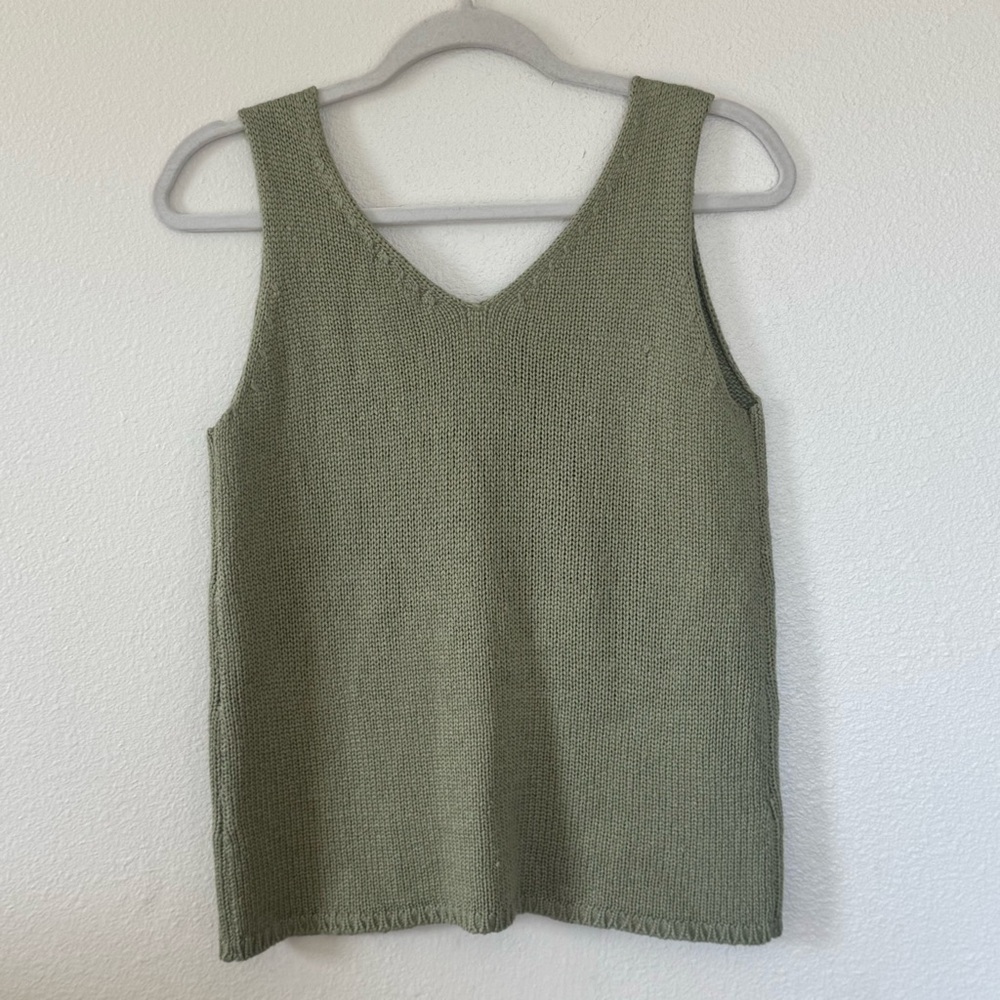 Blu Pepper Knit Tank Sweater Top Sleeveless Green Pom Pom V-Neck Sweater M - Picture 4 of 9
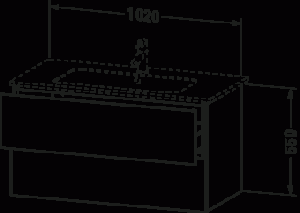 L-Cube Тумба под раковину подвесная 57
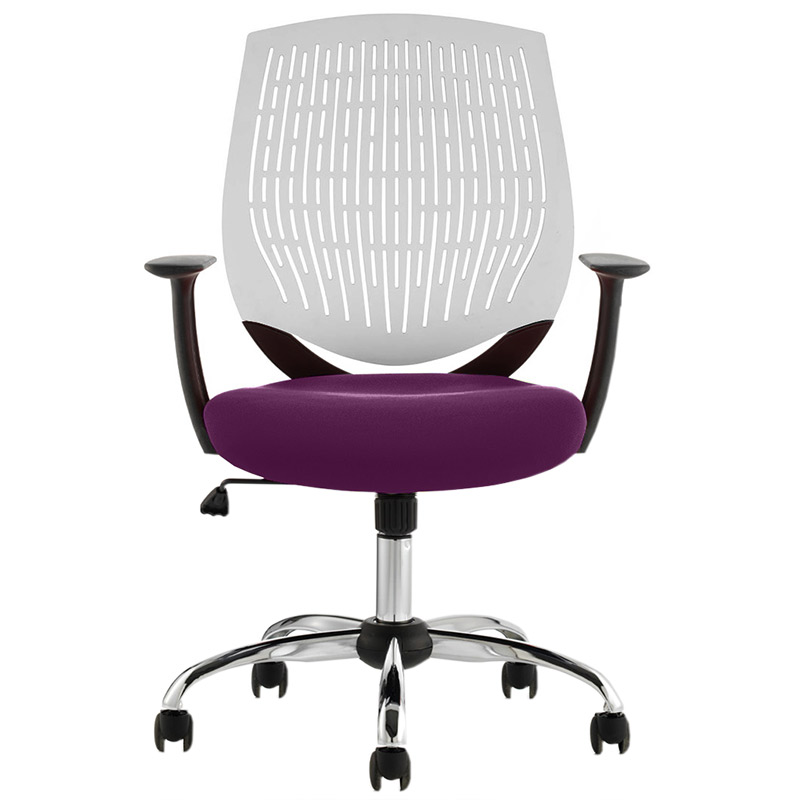 Dura Operator Chair with White Back and Tansy Purple Seat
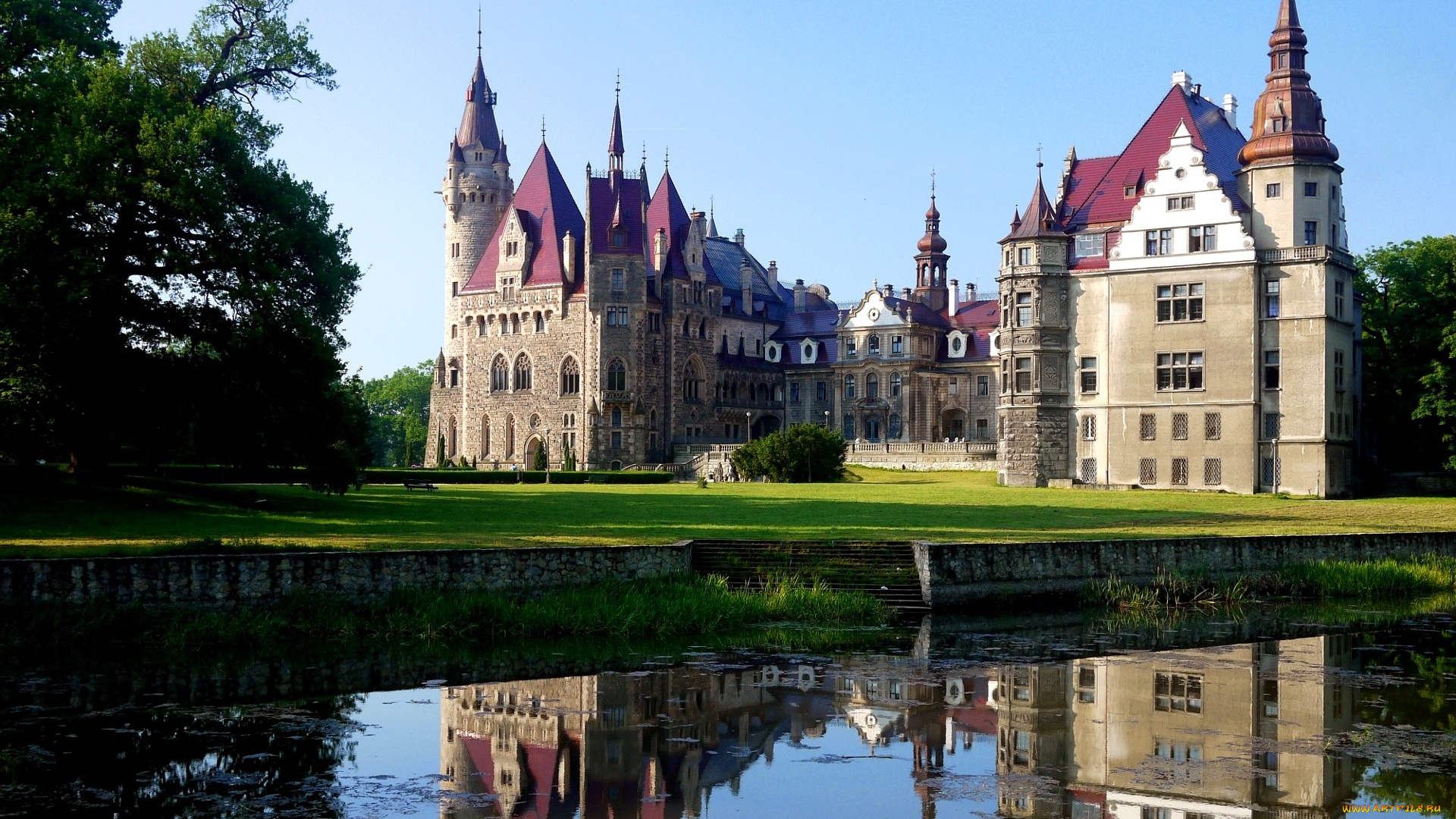 замок, можна, польша, города, дворцы, замки, крепости, вода, каменный, деревья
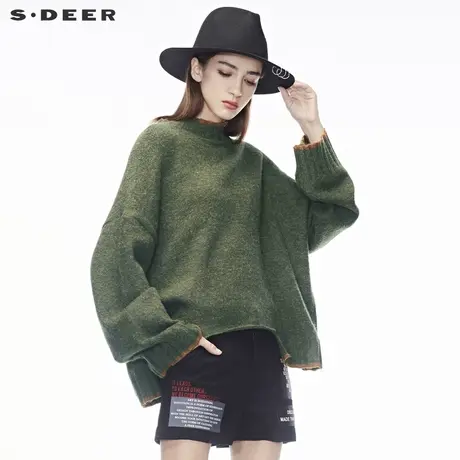 sdeer圣迪奥2018新款创意缺口撞色落肩宽松毛衣针织衫女S18463589图片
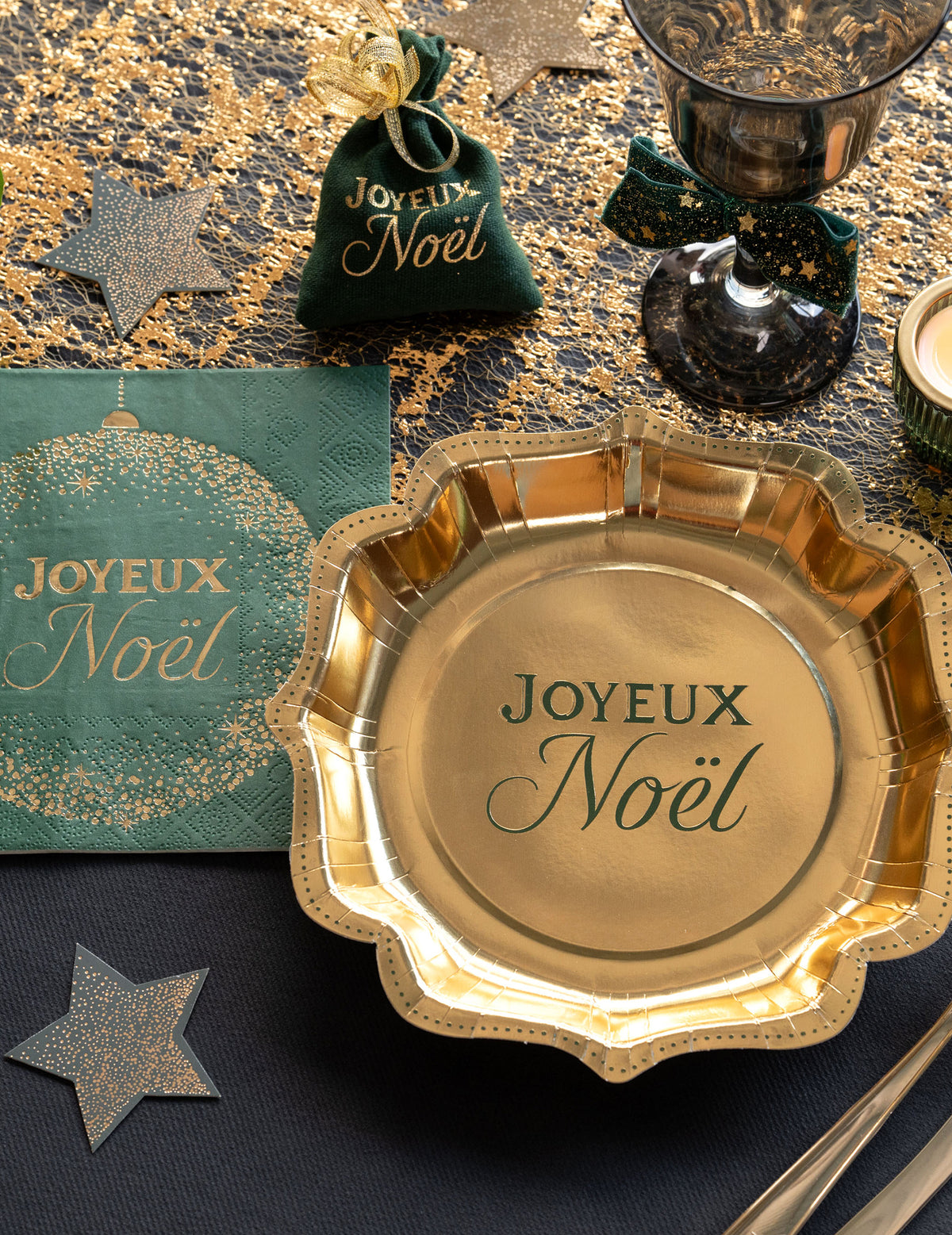 10 assiettes Noël Étincelant vert sapin 21 x 21 cm
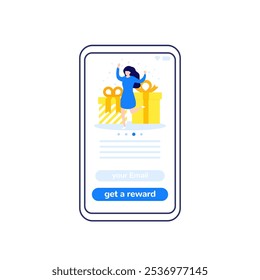 Recompensa diseño de App móvil, Vector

Problem to work on: Apart from the pictures, return the records exactly.

Answer for this exercise:
 Blu Pepper Knit Tank Sweater Top Sleeveless Green Pom Pom V-Neck Sweater M - Picture 4 of 9
 L-Cube Тумба под раковину подвесная 57
 Dura Operator Chair with White Back and Tansy Purple Seat
 замок, можна, польша, города, дворцы, замки, крепости, вода, каменный, деревья
 sdeer圣迪奥2018新款创意缺口撞色落肩宽松毛衣针织衫女S18463589图片
 10 assiettes Noël Étincelant vert sapin 21 x 21 cm
 Recompensa diseño de App móvil, Vector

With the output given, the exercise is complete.